Begas-Affäre: Ermittlung gegen zwölf Beschuldigte. In der Begas-Affäre wird auf Hochdruck ermittelt - und zwar bereits gegen zwölf Beschuldigte, teilte Erich Mayer, Sprecher der Wirtschafts- und Korruptionsstaatsanwaltschaft (WKStA) am Mittwoch mit.

Angeschlagen: Rudolf Simandl kann laut Gutachten erst in Monaten einvernommen werden.  |  NOEN, Foto: BVZ
Neben Ex-Begas-Chef Rudolf Simandl wird gegen seinen langjährigen Stellvertreter Reinhard Schweifer, zwei Manager, einen Architekten, den Bauunternehmer Klaus Ortner sowie einen Autohändler und vier Gastronomen ermittelt. Als zwölfte Person wurde ein Steuerberater von der WKStA genannt.

Bei dem burgenländischen Autohändler soll der Verdacht des Betruges und des schweren Betruges vorliegen. Simandl soll von dem Autohändler einen Pkw im Wert von rund 40.000 Euro zur Privatbenutzung erhalten haben. Bezahlt wurde vom Ex-Begas-Chef jedoch nicht mit Geld - sondern in Form von Gas-Gutscheinen. Es gilt die Unschuldsvermutung.

Grund für die Ermittlungen gegen die vier Gastronomen und den Steuerberater sei der Verdacht der Beteiligung an der Untreue, hieß es von der WKStA. Die Gastronomen sollen Simandl Restaurant-Gutscheine ausgestellt haben, die er dann privat konsumiert habe. Die Rechnungen sollen laut "News" aber mit erfundenen Rechnungstexten an die Begas gegangen und vom Gasversorger auch bezahlt worden sein.

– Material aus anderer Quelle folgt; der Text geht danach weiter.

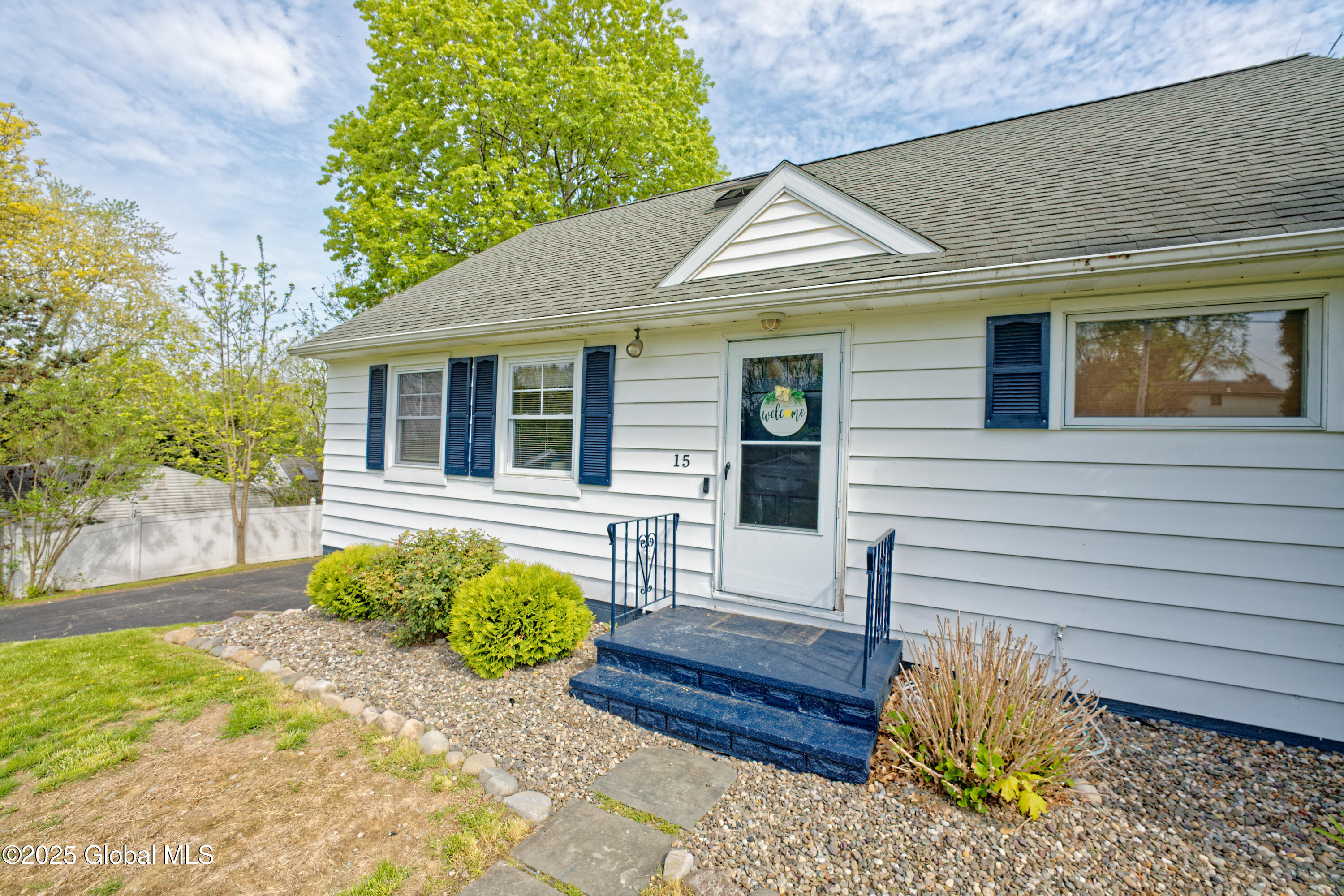 15 Riverview Terrace, Rensselaer, New York image 4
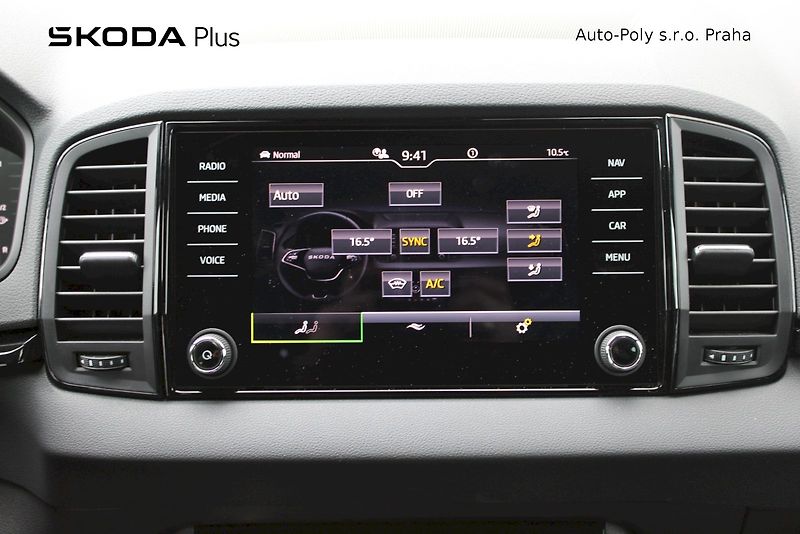 Škoda Karoq (2025) Sportline 1.5 TSI 110kw DSG - fotka 22 z 25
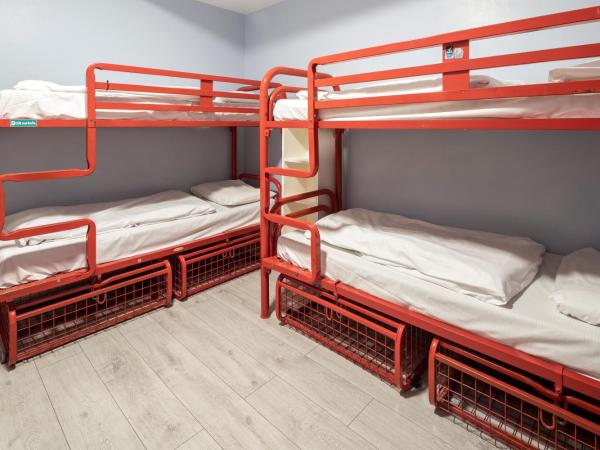 Astor Victoria Hostel : photo 2 de la chambre lit dans dortoir mixte de 6 lits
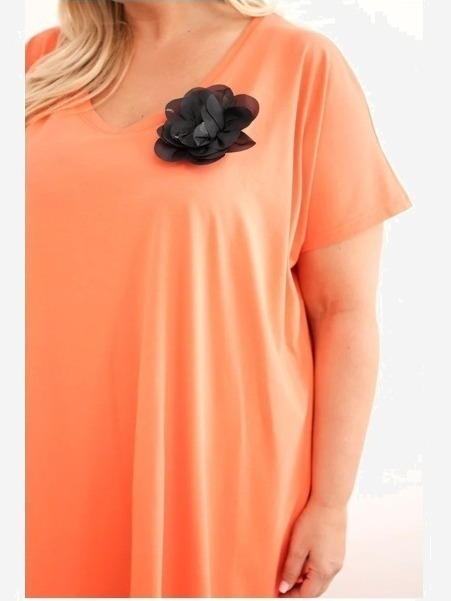 Dámske bavlnené šaty Plus Size s brošňou a výstrihom koralová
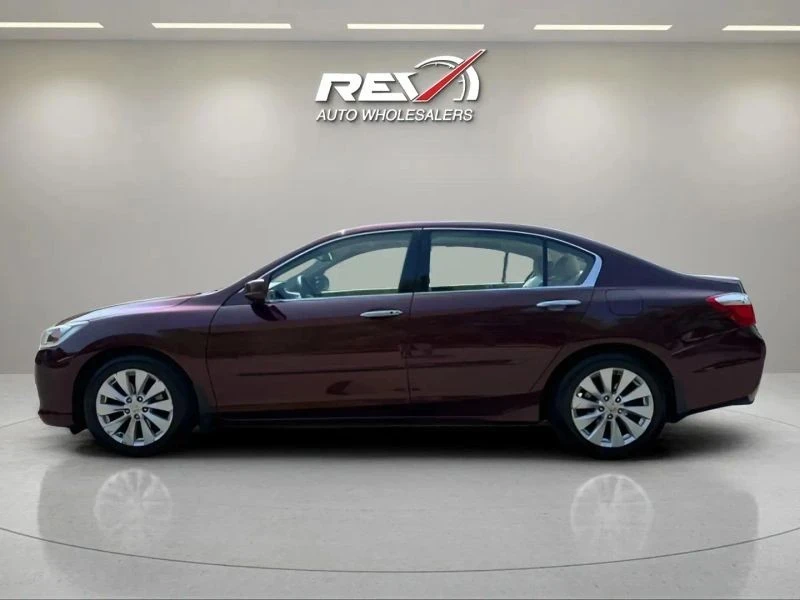 2015 Honda Accord 9th Gen - Image 2 of 12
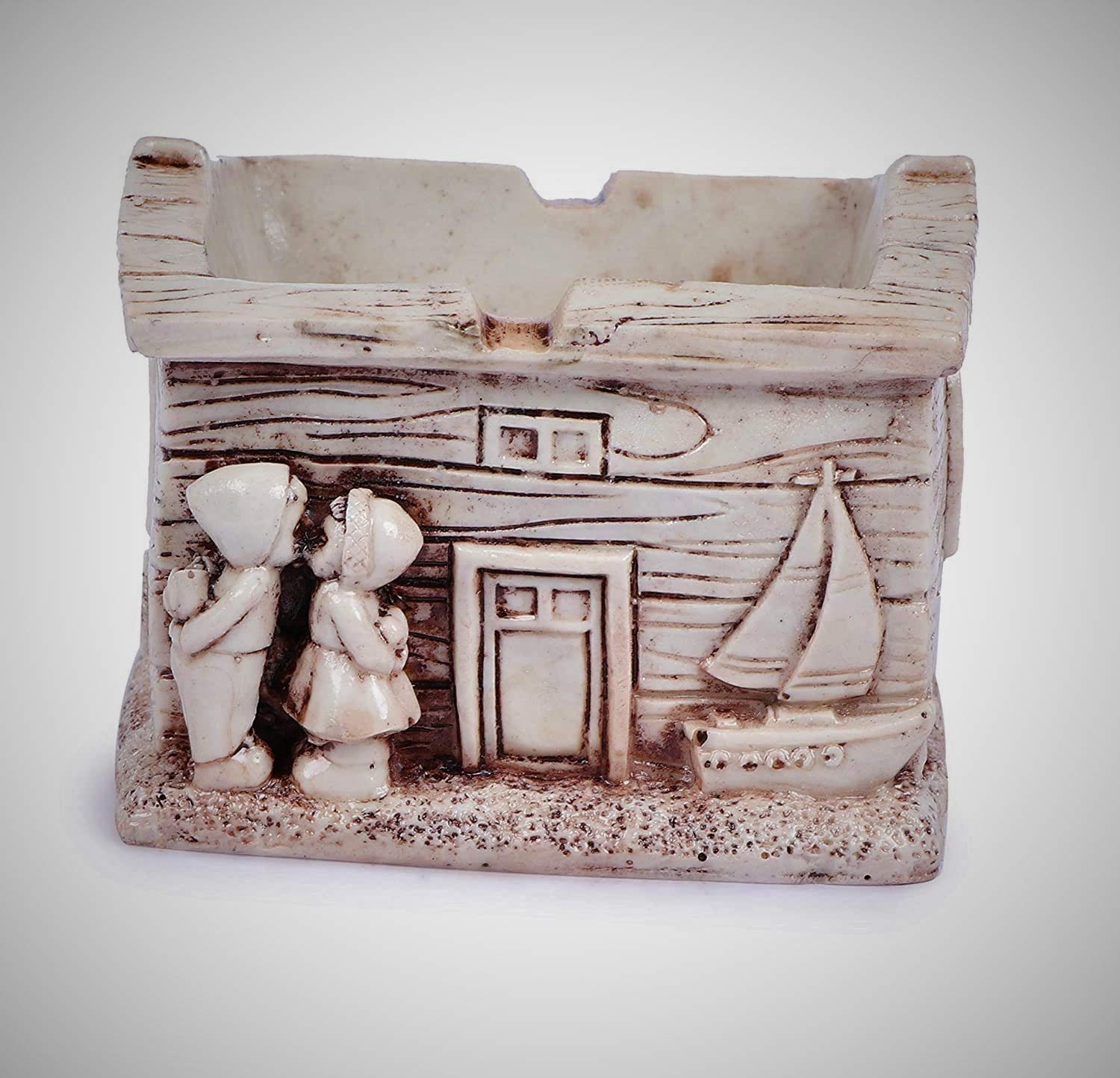 Inara Creation Couple Kiss House Design Ashtray-picture-25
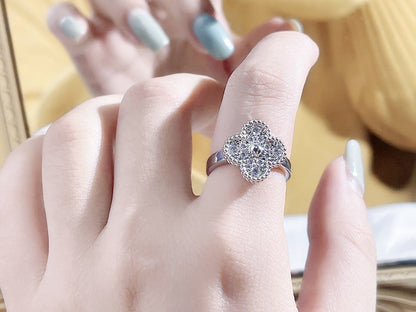 ¡®Lume Jewels¡¯CLOVER DIAMOND RING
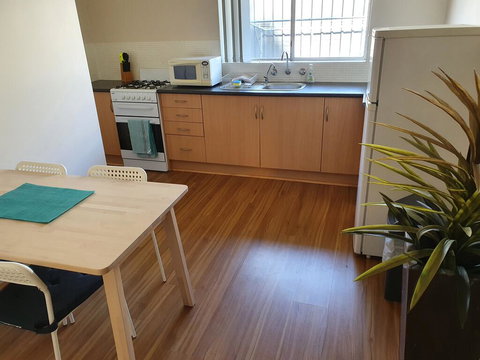 Value 2 Bed Villa Close To QEH + Airport + City + Beach - Darwin Holiday 3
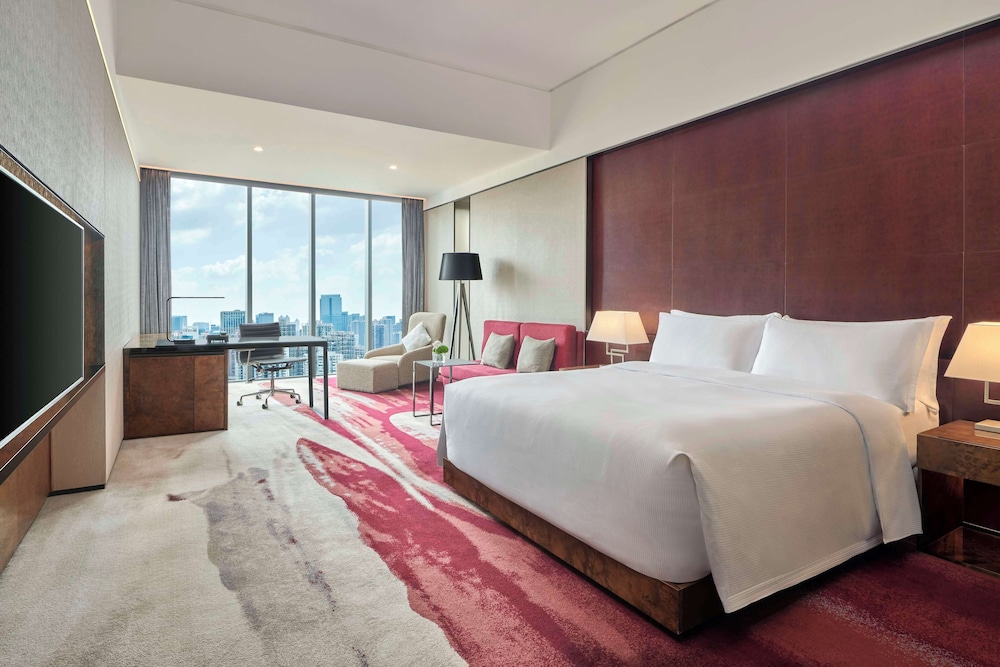King Hilton, Deluxe Room - Photo 1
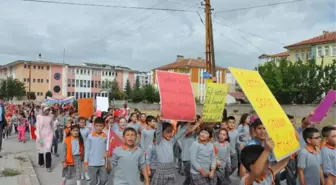 Sorgun'da Minik Öğrenciler Demokrasi Şehitleri İçin Yürüdü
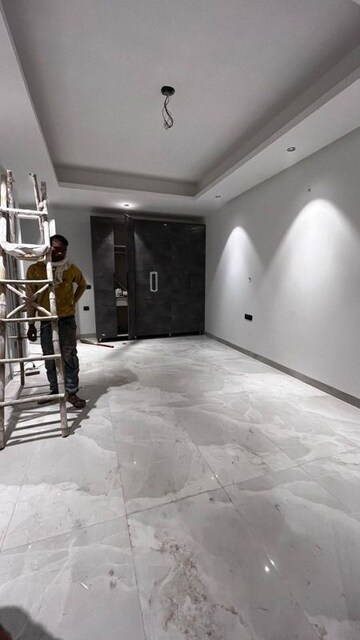 Room in 3 BHK Builder Floor at Saket – for Rent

In den Akten schreiben die Ermittler laut dem Nachrichtenmagazin von "Haftgründen" und "Zwangsmaßnahmen" für Simandl, die aufgrund von "vorliegenden neuen Erkenntnissen" jetzt "möglich erscheinen". Seitens der WKStA hieß es dazu auf Anfrage, dass sich Simandl nicht in Untersuchungshaft befinde. Auf die Frage, ob der Ex-Vorstand in der Vergangenheit bereits einvernommen wurde, man könne dazu "prinzipiell" nichts sagen. Das Landeskriminalamt Burgenland habe aber mittlerweile sein Ermittlungsteam aufgestockt.